At the same time, Trump has sought to broaden his attacks on Clinton, reminding scandal-fatigued Americans that she has been mired in investigations and controversies dating back to her husband’s run for the White House more than 20 years ago, and will almost certainly be again if she wins the presidency.

Campaigning in Greeley, Colo., on Sunday, he attacked Clinton by citing one of her most potent surrogates, first lady Michelle Obama. “For years I’ve heard the nastiest quote. … ‘If you can’t control your own house, you have no right to essentially be in the White House,’” Trump said. “And I said what a nasty quote. I would never say that quote … and then I found out three days ago that Michelle Obama was the one that said it, about Hillary when they ran against Hillary.”
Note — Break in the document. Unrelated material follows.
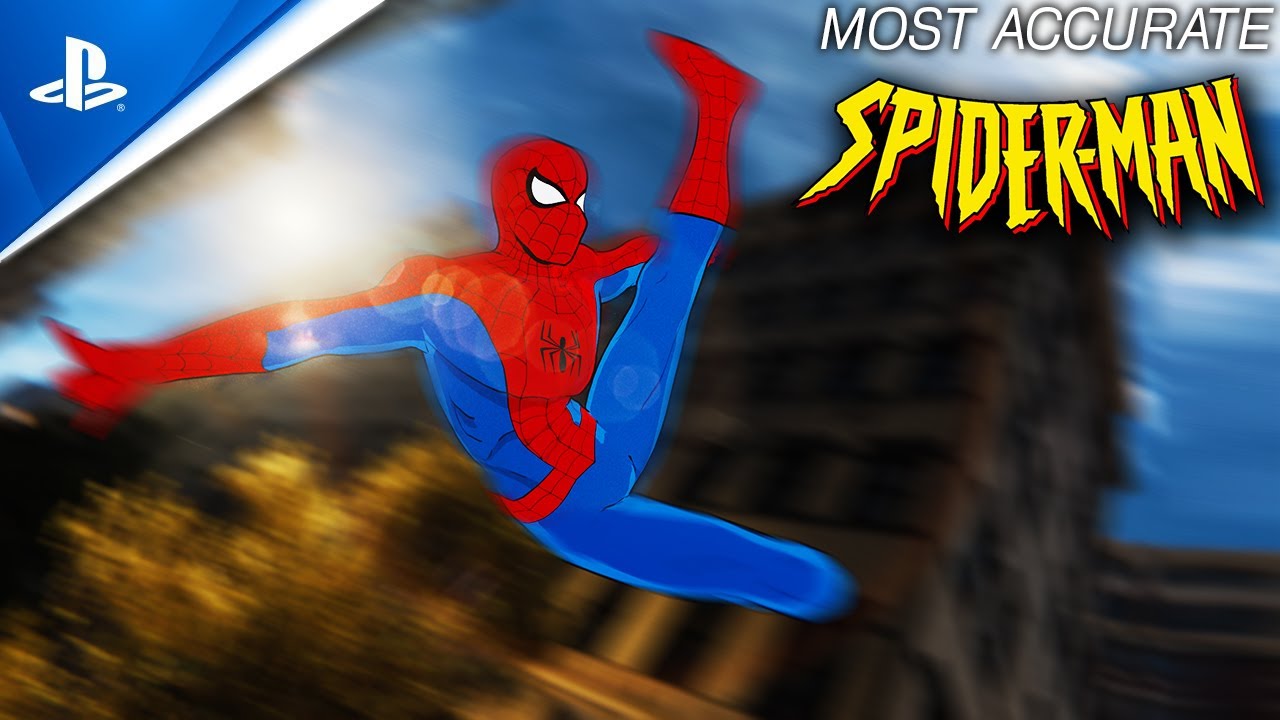 NEW Unreleased MOST Accurate Spider-Man Animated Series SUIT - Spider-Man PC MODS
“Hillary Clinton’s corruption is corrosive to the soul of our nation, and it must be stopped,” he added.

Trump’s late foray into Democratic states is risky for a candidate whose ground-game operation is heavily reliant on the Republican National Committee, which has been focusing its efforts mostly on key battlegrounds like Ohio, North Carolina and Florida. But both RNC officials and Trump aides have emphasized a network beyond the crucial swing states and their determination to work together to win wherever Trump thinks he can.

“There is no daylight between the RNC and the Trump campaign,” David Bossie, Trump’s deputy campaign manager, said last week.

It was not immediately clear if Trump would seek to shift campaign resources to boost operations in places where he is hoping to expand his map to victory, but he has long tested the theory that his celebrity makes him less reliant on traditional get-out-the-vote efforts.

Aides are hoping Trump’s last-minute visits might resonate with working-class and blue-collar voters turned off by Clinton’s scandals and allow the campaign to capitalize on any other missteps by the Democratic nominee. It’s a strategy GOP sources close to the campaign say has been driven by Steve Bannon, the former Breitbart executive who is now chief executive of the Trump campaign. Bannon has been traveling with Trump over the past several days.

Republican presidential candidate Donald Trump gestures to supporters before speaking at a campaign rally at the University of Northern Colorado, in Greeley, Colo., on Oct. 30, 2016. (Photo: Brennan Linsley/AP)
Trump gestures to supporters before speaking at the University of Northern Colorado, in Greeley, Colo., on Oct. 30, 2016. (Photo: Brennan Linsley/AP)

In addition to the shifting itinerary, Trump aides have pushed the candidate to be more positive on the stump — talking more about his own vision instead of simply attacking Clinton. At one point, he even bragged about going positive.

“I will continue to address and expose the criminal corruption of Hillary Clinton and the threat to the survival of our country, but I also want to spend these next nine days with the wonderful people of this country talking about my vision for making America great again,” Trump said in Greeley. “Let’s talk positive. Let’s talk positive.”

Over the past few days, he has added a few new lines to his stump speech, casting himself as a dreamer and a builder who wants to transform the country in the same way he recast the skyline of New York City.

“I see such untapped potential in our country,” Trump said in Colorado.

While Trump aides insist they feel momentum heading into an election that is now just a little over a week away, they are cautious about any potential surprises, after weeks of weathering stories about Trump’s alleged misbehavior toward women and questions about whether he’s paid taxes and the true scope of his wealth.

It was a worry the candidate himself brought up on Sunday, seeming to suggest Clinton will do anything to stop his campaign.

“No doubt in the next nine days Hillary and her special interests will say and do something to distract from her crime and to distract from the very important issues facing our country,” Trump said.

In Michigan, he admonished supporters not to stand on the sidelines of an election he predicted could be the most important in a generation.

“Vote with all of your heart. Vote with all of your soul,” the candidate declared. “Because this is it.”